C’est vrai que le «vieux» et les treillis n’ont pas toujours été en odeur de sainteté. Mais devant certaines situations, il peut arriver que le chat et le chien se serrent les pattes pour traverser une rivière en crû, ne serait-ce que le temps de laisser la tempête passer. Encore que dans le cas d’espèce, le général Salah doit bien cela à Boutef, car c’est le locataire du palais d’El Mouradia qui a fait le vide dans la hiérarchie militaire pour le hisser là où il est : les généraux Mediene, Betchine et autre «Toufik», (son ennemi juré) ont été mis sur la touche pour laisser le champ libre à Salah, qui est à présent le Big Brother algérien et la carapace du régime. Autrement dit, tout l’appareil répressif est entre les mains du chef d’état major et vice-ministre de la défense.

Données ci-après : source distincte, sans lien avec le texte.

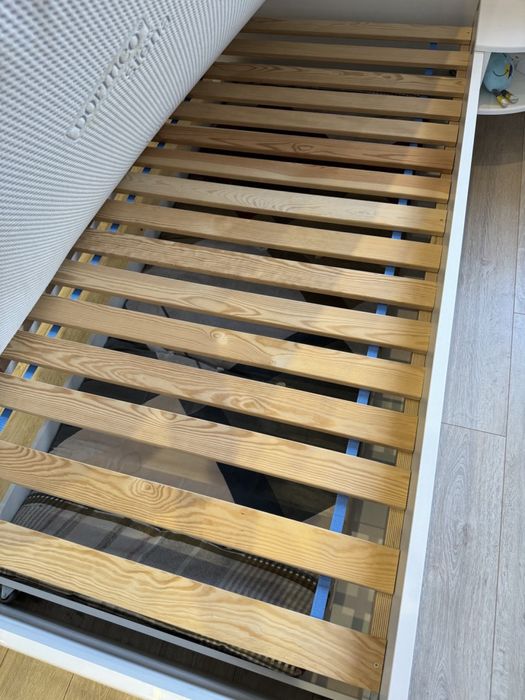 Односпальная кровать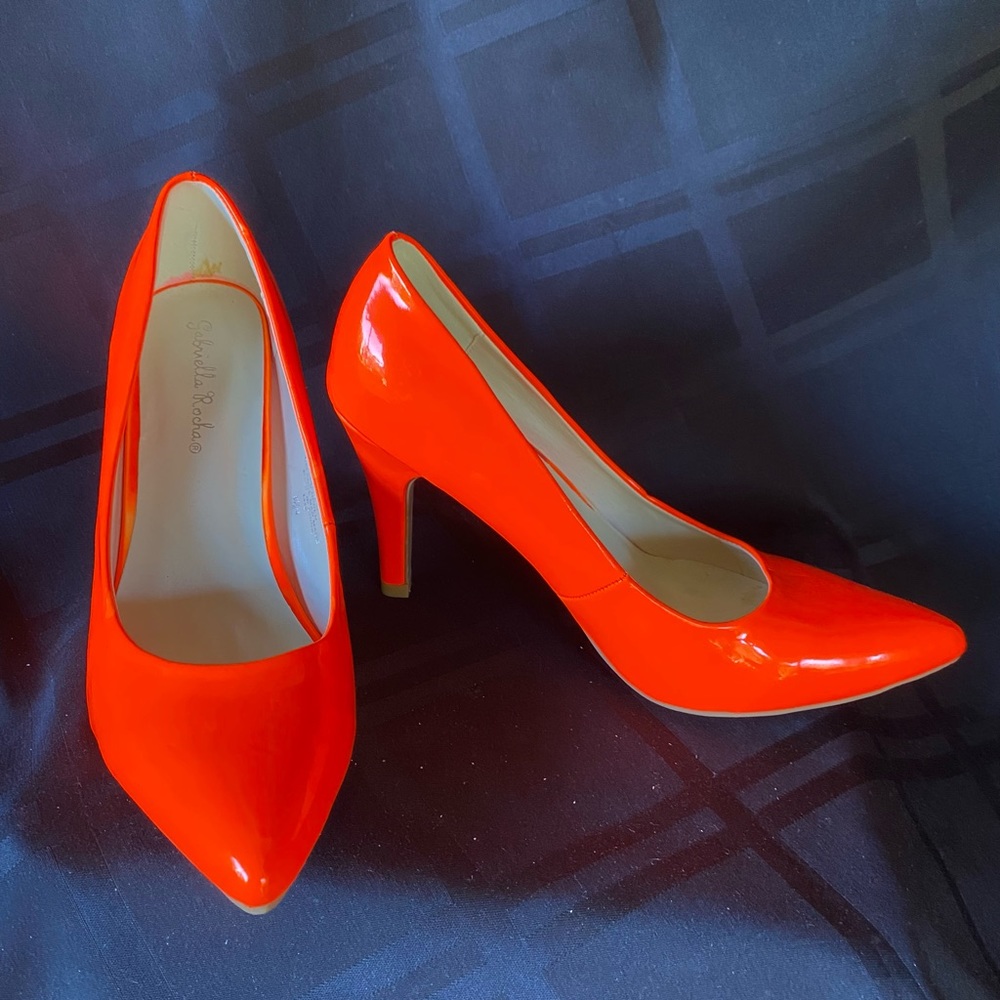 *SALE* NEW Gabriella Rocha Florescent Orange Pumps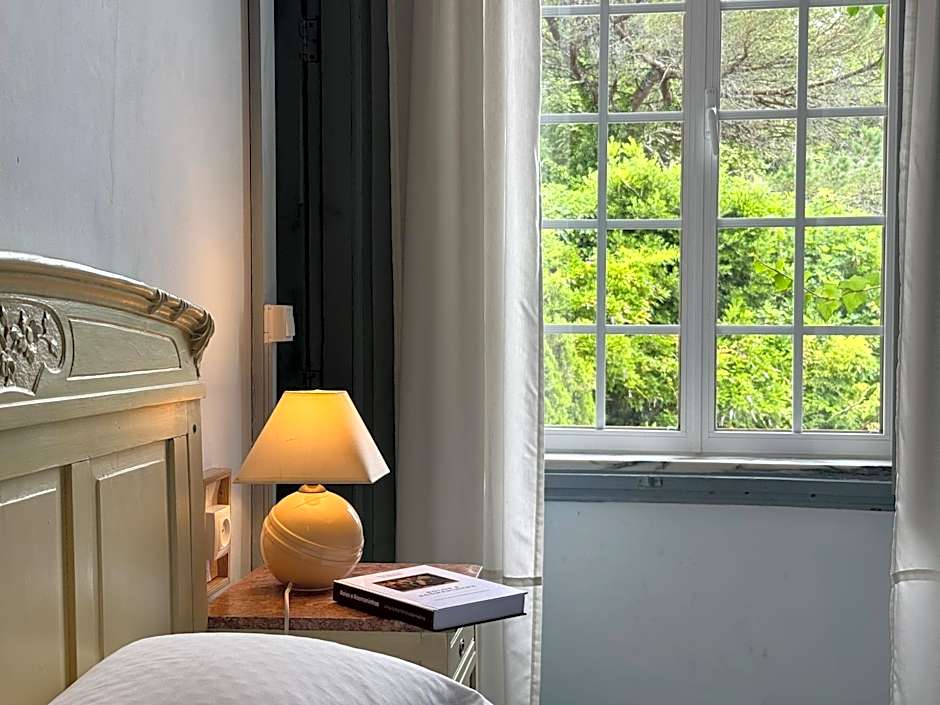 Photo 1 of 5 of Junior Suite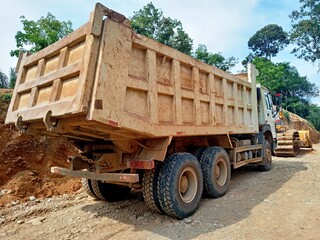 Obraz premium dump truck on the road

Retour à l’ascenseur donc d’un securocrate qui sait à qui il doit sa position, mais aussi, posture d’un général qui défend ses privilèges car dans la grande muette, on imagine que le général Salah n’a pas que seulement des amis.

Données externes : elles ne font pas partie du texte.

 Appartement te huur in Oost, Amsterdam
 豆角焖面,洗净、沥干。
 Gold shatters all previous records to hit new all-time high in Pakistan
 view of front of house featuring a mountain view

En secouant l’épouvantail des années «braise et de douleur», le chef militaire espère semer le doute et la peur dans le cœur des jeunes manifestants algériens. Mais peut-être qu’en adoptant le langage informatique, le militaire devrait taper sur la touche «F5» pour actualiser son niveau de compréhension de la mentalité de la jeunesse algérienne.

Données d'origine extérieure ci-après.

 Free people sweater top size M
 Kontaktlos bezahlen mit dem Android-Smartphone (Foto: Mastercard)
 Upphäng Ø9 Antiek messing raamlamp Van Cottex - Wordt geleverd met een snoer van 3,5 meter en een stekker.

Pendant les fameuses années de braise, avait-il vu les manifestants balayer les rues après leur protestation ? Ou encore ces jeunes mobilisés dans les ruelles qui scandent, mais paisiblement et pacifiquement leurs idées, leurs avis, leurs désirs, leur envie que cette tentative désespérée de Bouteflika de rester au pouvoir malgré le poids de l’âge ? Certainement pas. Et même à la disparition d’Habib Bourguiba, et même avant, on avait vu apparaître de mortifères luttes de clan, car le «combattant suprême» avait fait le vide autour de lui. C’est quasiment pareil actuellement avec la «nomenklatura» Bouteflekiste.
Pourtant le célèbre malade d’Algérie devrait se convaincre que les Algériens ne sont pas aussi amnésiques au point de rêver de marcher dans la même mélasse qui leur avait rendu la vie horrible il y a une vingtaine d’années. Le président algérien devrait donc avoir la «sagesse» de comprendre cet état de fait et en tirer des leçons. Car si l’armée est le garant de la stabilité, elle est aussi le dernier recours, et c’est un secret de polichinelle que le général-major Gaid Salah, se verrait chausser les patogasses du maréchal égyptien Al-Sissi
Du reste, on se demande jusqu’où le soutien de l’armée algérienne ira-t-il ? Et pendant combien de temps durera-t-elle ? L’armée osera-t-elle tirer sur des manifestants pacifiques ? Est-ce sa vocation première ? Car les militaires algériens ne viennent pas de la planète Mars et font partie du peuple. Même phagocytés dans le moule astreignant de la discipline militaire, ils ne retournent pas séjourner sur des arbres pendant leur «permission» ou leurs quartiers libres. Ils rejoignent des familles algériennes, celles-là même qui figurent parmi les milliers de manifestants qui inondent les rues du pays pour exprimer leur envie de voir un changement qualitatif dans leur espérance de vie. C’est dire que l’armée est prête à protéger Boutef, mais sous réserve que la situation ne devienne pas ingérable, que le peuple recule. Car si d’aventure la réprobation de la rue s’amplifiait… et d’ici le 18 avril tout basculait, par l’étalage de quelques macchabées. En ce moment, entre Boutef et le peuple, Gaid Salah, n’aura pas le choix.
Plutôt donc que d’essayer d’épouvanter des Algériens qui n’ont vraiment plus rien à perdre au point justement d’avoir peur, les efforts et les énergies pourraient être concentrées pour faire entendre raison à un président sortant candidat à sa propre succession qu’il y a une heure pour tout et que tout a une fin. On ne peut faire son temps et celui de ses fils et petits-fils. A 82 ans, malade, l’enfant de Tlecem a droit à aller se soigner loin des problèmes de la Républiques.